**Task to complete**
Given the records below, would you repeat exactly the lines that begin at the one containing "Pack De 2 Unidades" and end at the one containing "画像2: dp-161218-20 Whirley", inclusive?

**Data for the task**
=== Begin Enclosure ===
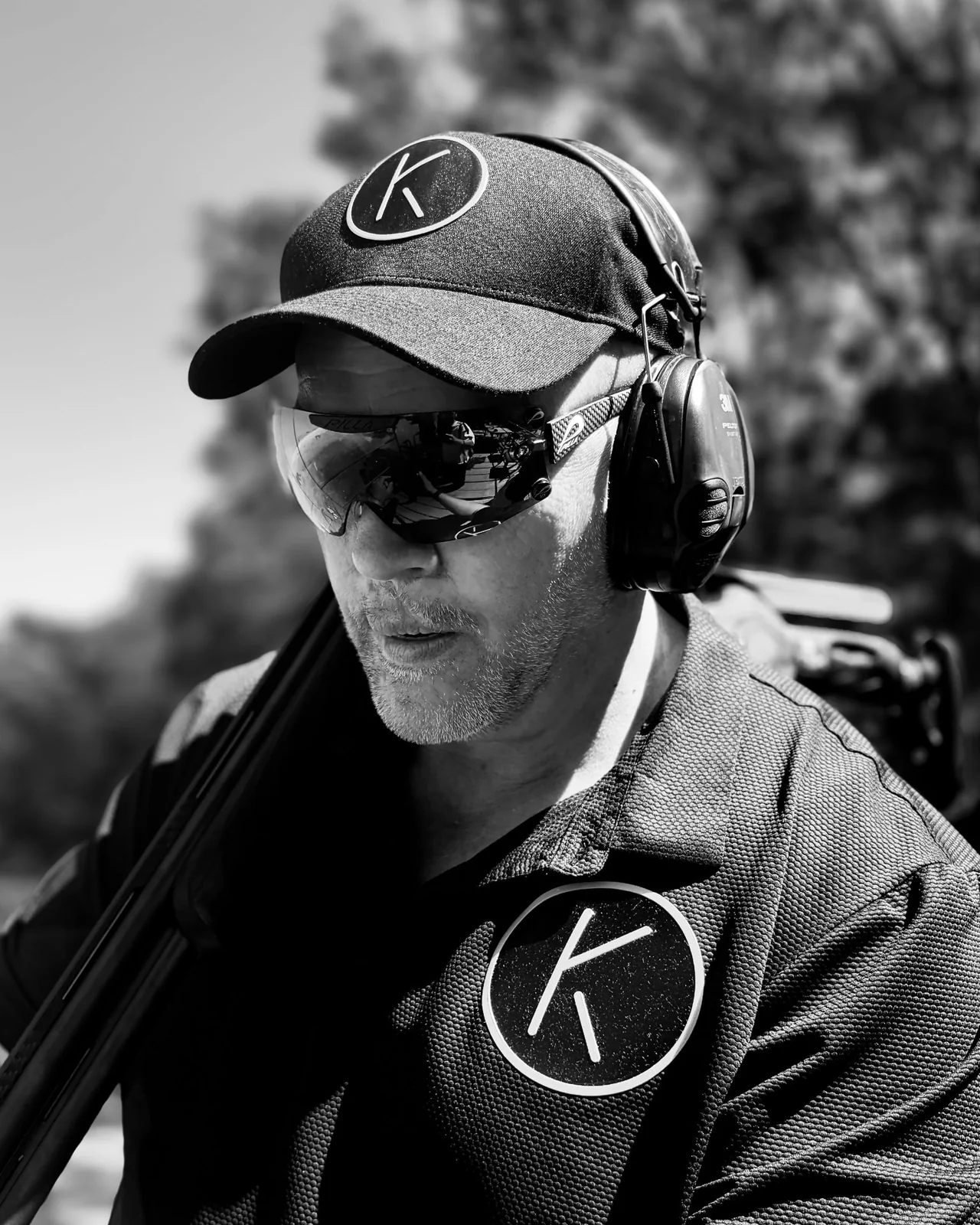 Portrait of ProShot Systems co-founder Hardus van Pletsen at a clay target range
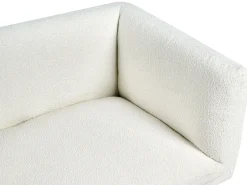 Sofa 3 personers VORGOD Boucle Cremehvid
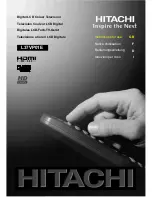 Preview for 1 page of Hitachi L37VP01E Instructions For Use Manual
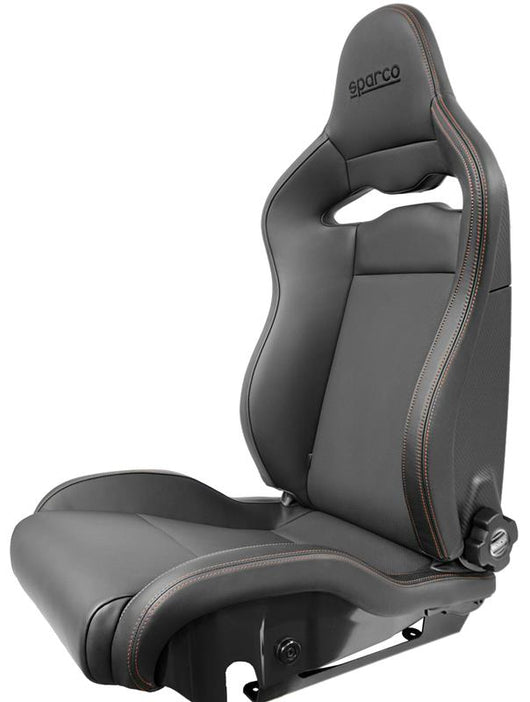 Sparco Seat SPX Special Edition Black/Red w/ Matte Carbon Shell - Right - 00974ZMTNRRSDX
=== End Enclosure ===
=== Begin Enclosure ===
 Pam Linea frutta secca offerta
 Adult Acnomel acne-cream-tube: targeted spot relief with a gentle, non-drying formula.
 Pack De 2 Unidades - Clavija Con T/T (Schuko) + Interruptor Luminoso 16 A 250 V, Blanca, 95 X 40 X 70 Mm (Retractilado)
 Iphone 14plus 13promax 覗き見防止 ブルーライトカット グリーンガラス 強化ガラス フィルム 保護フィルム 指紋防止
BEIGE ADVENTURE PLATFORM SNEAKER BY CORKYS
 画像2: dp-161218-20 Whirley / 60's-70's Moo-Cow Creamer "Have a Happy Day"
=== End Enclosure ===
=== Begin Enclosure ===
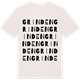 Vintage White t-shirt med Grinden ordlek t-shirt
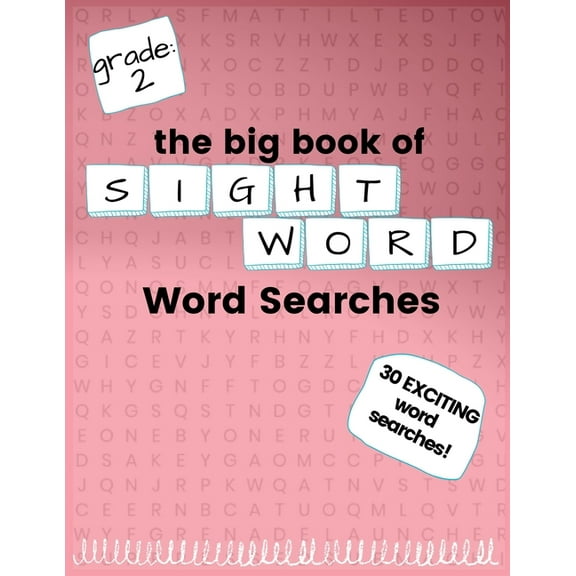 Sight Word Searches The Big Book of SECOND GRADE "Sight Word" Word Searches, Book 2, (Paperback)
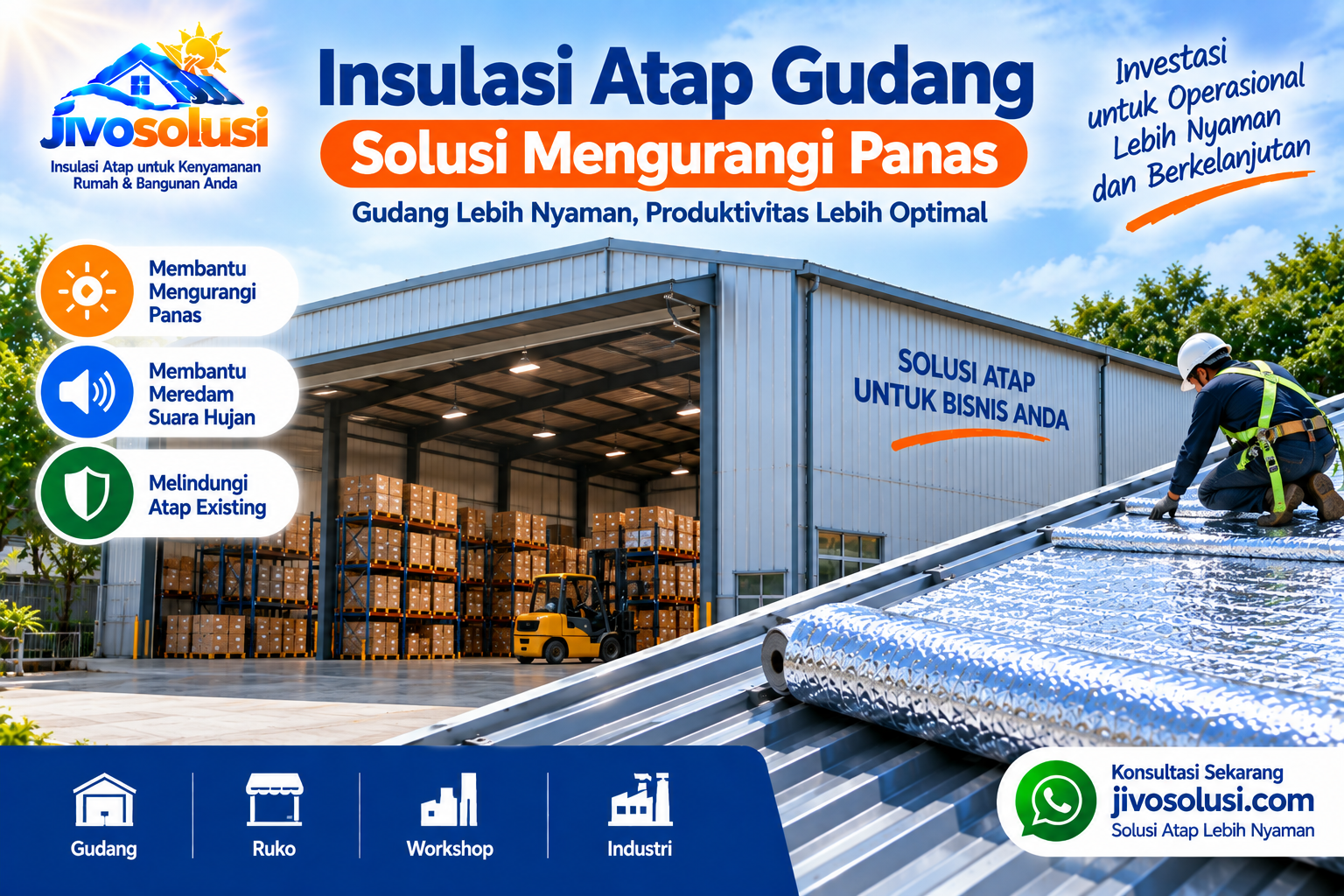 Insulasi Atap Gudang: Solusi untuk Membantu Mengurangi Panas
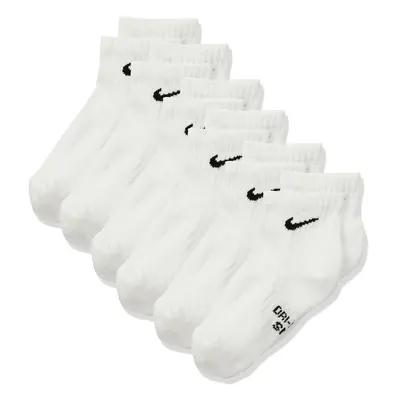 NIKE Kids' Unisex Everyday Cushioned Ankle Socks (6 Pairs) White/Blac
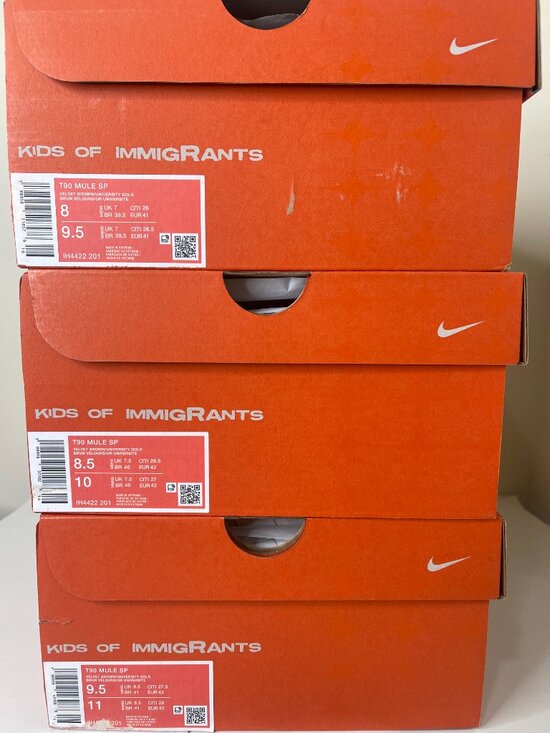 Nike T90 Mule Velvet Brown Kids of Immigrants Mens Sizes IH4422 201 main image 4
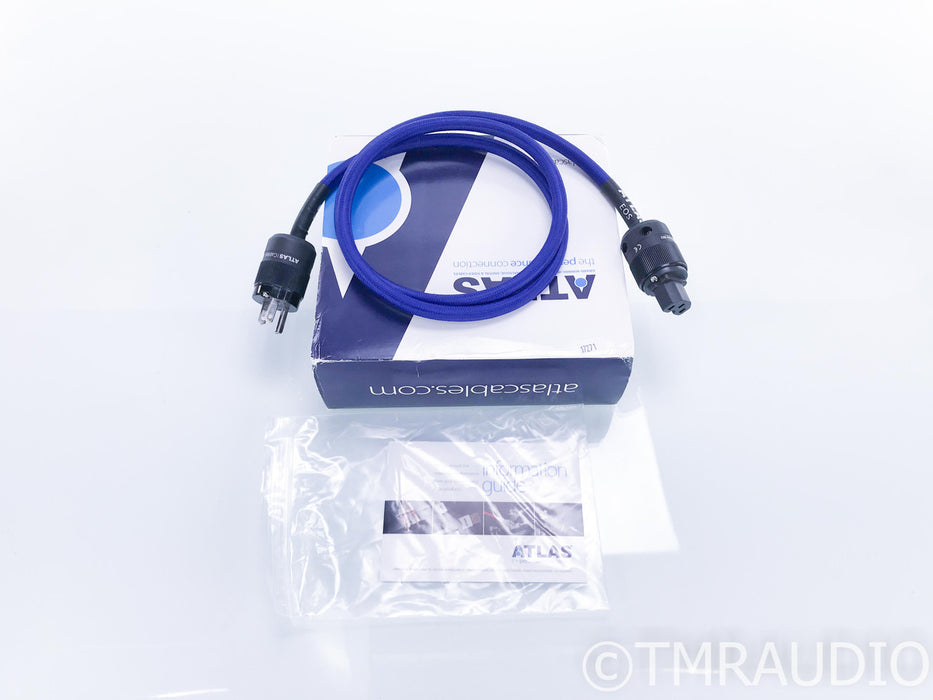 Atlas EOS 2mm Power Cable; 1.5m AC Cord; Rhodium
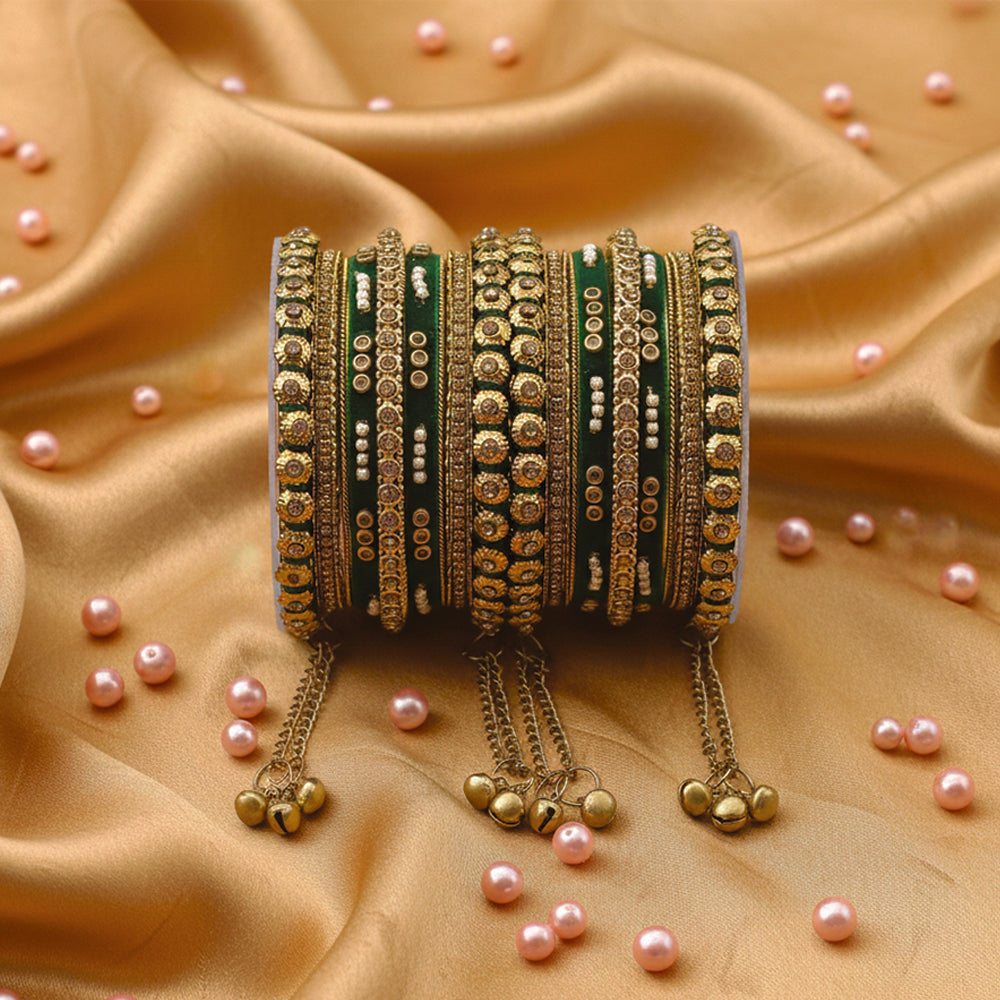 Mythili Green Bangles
=== End Enclosure ===
**Problem solution**
 Pack De 2 Unidades - Clavija Con T/T (Schuko) + Interruptor Luminoso 16 A 250 V, Blanca, 95 X 40 X 70 Mm (Retractilado)
 Iphone 14plus 13promax 覗き見防止 ブルーライトカット グリーンガラス 強化ガラス フィルム 保護フィルム 指紋防止
BEIGE ADVENTURE PLATFORM SNEAKER BY CORKYS
 画像2: dp-161218-20 Whirley / 60's-70's Moo-Cow Creamer "Have a Happy Day"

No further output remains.